Bridgewater returned his attention to Duncan. “Jilted lover you are. I apologize for having to put her through this—though I suppose you don’t much care at this point.”

Duncan grunted.

Bridgewater leaned closer and met Duncan’s eyes. “My thoughts, should you care for them: Forgive the trespass. She’s a fine-looking woman. As canty as a horse in clover. And one never knows when one will need a similar sort of carte blanche oneself.”

Abby, tightening the laces of her gown, reappeared in the main part of the tent, followed by Sergeant Rose, who seemed to be absorbed in the leatherwork of his boots. She stopped when she saw Duncan, and he, too, dropped his gaze. Duncan suspected Bridgewater was studying the texture of his blotting paper. Abby had that effect when she chose.

“Sergeant,” Bridgewater said, “did we find anything?”

Rose deposited a handful of personal effects on the desk. To Duncan’s immense relief, no silk square was among the items.

“And you checked her dress, pockets, shoes, stockings?”

“All of it, sir.”

Bridgewater poked through the odds and ends, and picked up a small metal ball.

“Was this perchance the shot that pierced you, Chieftess?”

She nodded.

“Well done,” he said. “I admire your spirit. Sergeant, would you please review the supplies and make a report.”

“I’ve already reviewed them, sir.”

Bridgewater grimaced. “Then would you please review them again.”

“Oh. Aye.”

Rose tromped out.

Duncan’s palms began to sweat. They had reached the end, though what the end entailed, he did not know.

“Chieftess,” Bridgewater said, “I am not pleased to have found you, disguised, on land belonging to England.”

Abby said, “The ownership of the land remains in dispute.”

“Not to Her Majesty.”

She straightened her sleeve. “I should think the death of your soldier might be of rather more concern to you.”

“You were lucky, it seems. Dunworth was an idiot, and you have relieved me of the unwelcome task of removing him from my regiment.”

“I was attacked and nearly raped, sir. ‘Lucky’ is most certainly not what I feel.”

Bridgewater inclined his head toward Duncan. “Tell me the truth, Chieftess. Is this man your strong arm or your lover?”

Abby made a dismissive noise. “He is no strong arm, and he will never again be my lover.”

True or not, the words were jarring to hear.

“He ran into a line of soldiers holding muskets without even his sword drawn,” Bridgewater said.

“Then he is a fool.”

“Perhaps. But I would think an experienced leader of men would see beyond the superficial interpretation and instead consider the depth of character such an act reveals.”

My
God! He’s trying to reunite us!

Abby shifted.

Bridgewater looked at his desk clock. “I am required to sign off on our ordnance requirements before the messenger leaves. Would you excuse me for a moment?”

She dipped her chin, and he exited, apparently feeling no need to seek Duncan’s permission.

Duncan breathed a deep sigh of relief. “You got my message then?”

“Aye.” She opened her palm to reveal the tiny slip of paper with the words “He knows” Duncan had pressed into her hands after the failed second punch.

“Revealing you before he could was the only thing I could think of to disrupt his plan, whatever that might have been. And a forest dalliance explained your presence and lack of forthrightness.”

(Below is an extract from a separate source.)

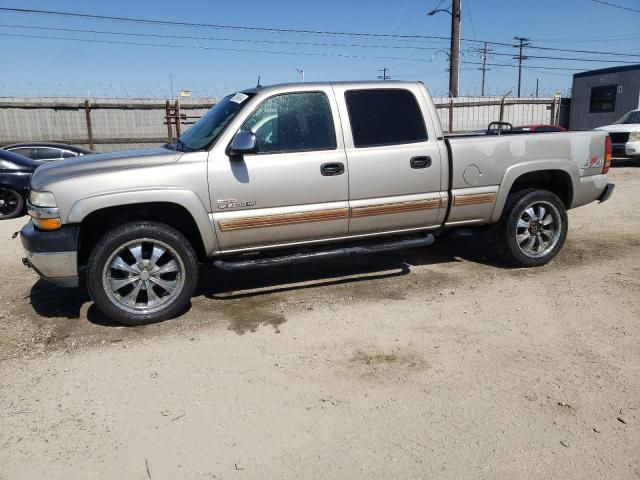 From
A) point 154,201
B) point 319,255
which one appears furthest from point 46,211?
point 319,255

“Not to mention fitting my reputation. Six footmen? Really?”

Duncan flushed. “Well, I—”

“Uh-huh. Can they hear us, do you think?”

Duncan considered the distance to the tent walls and the thickness of the canvas. “No. But I would certainly expect someone to be watching. So we must remain unhappy lovers until his return. You do realize he is attempting to reunite us?”

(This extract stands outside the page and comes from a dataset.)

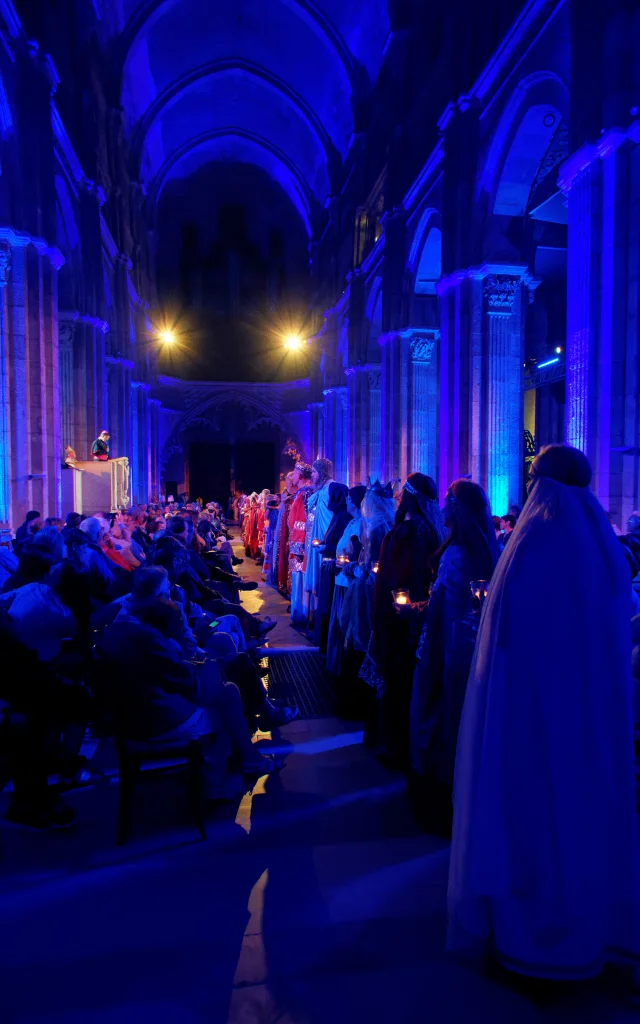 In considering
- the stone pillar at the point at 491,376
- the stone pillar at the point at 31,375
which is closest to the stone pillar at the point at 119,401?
the stone pillar at the point at 31,375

“Oh, aye.” Abby lowered her head. “Is he dead?”

He knew she meant Rosston. Duncan took her clenched hands in his. “He was alive and talking when I left him—with his men, who cleaned the wound and stitched him up.”

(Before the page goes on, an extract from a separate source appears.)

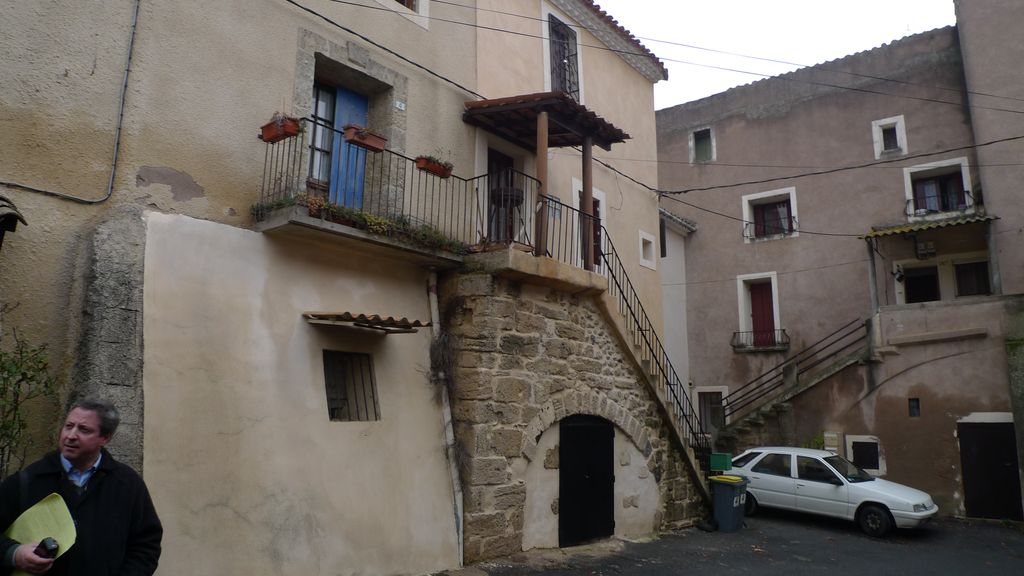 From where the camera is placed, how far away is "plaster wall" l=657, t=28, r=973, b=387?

He saw the wave of relief go through her.

“He’s not a bad man,” she said, eyes still downcast.

“He is not,” Duncan said. “And though he is no great admirer of me, he was the one who encouraged me to come and offered the full help of his men, if I needed them. They are waiting in the woods for us. And while Rosston and I agree on little, we do agree on one thing: neither of us think you should have taken the message from Archie.”